## [DATASET CONTENT]
————

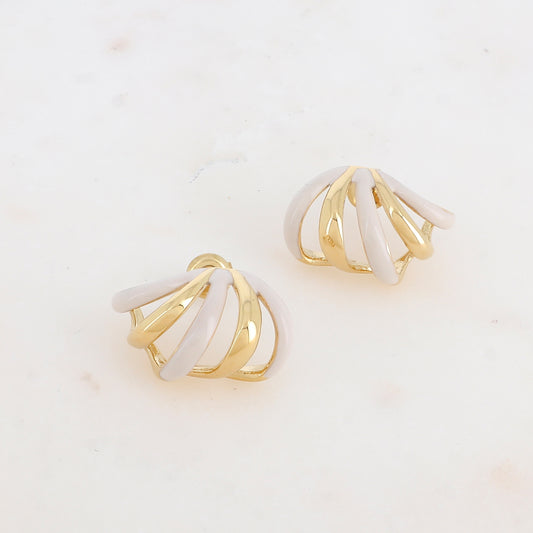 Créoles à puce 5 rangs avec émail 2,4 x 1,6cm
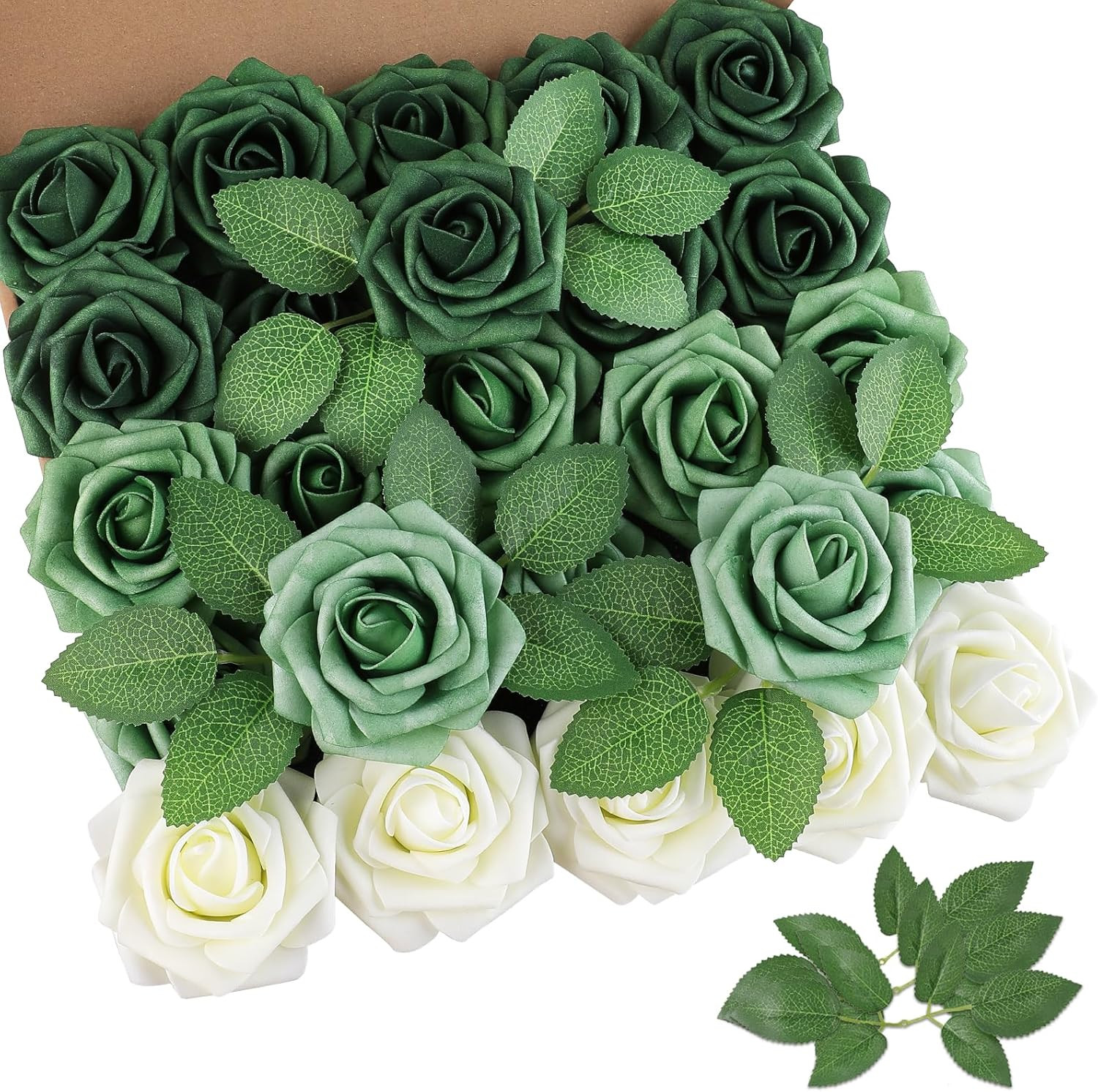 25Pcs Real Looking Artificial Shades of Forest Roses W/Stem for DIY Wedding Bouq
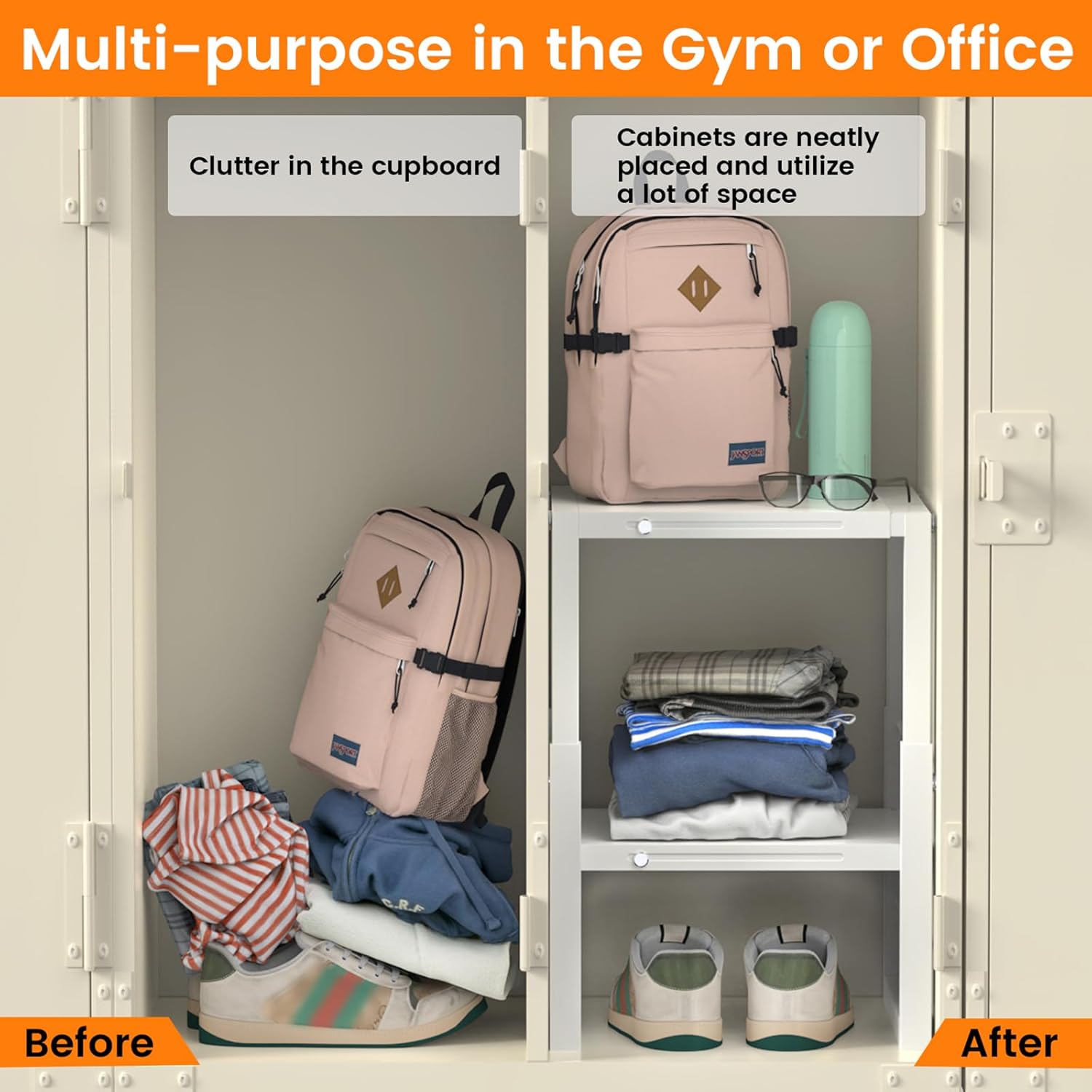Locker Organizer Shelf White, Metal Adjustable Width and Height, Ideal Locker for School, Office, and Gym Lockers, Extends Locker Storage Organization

————

## [EXERCISE]
When you copy the data, keep every line exact and leave out each picture.

## [SOLUTION TO THIS PROBLEM]
 Créoles à puce 5 rangs avec émail 2,4 x 1,6cm
 25Pcs Real Looking Artificial Shades of Forest Roses W/Stem for DIY Wedding Bouq
Locker Organizer Shelf White, Metal Adjustable Width and Height, Ideal Locker for School, Office, and Gym Lockers, Extends Locker Storage Organization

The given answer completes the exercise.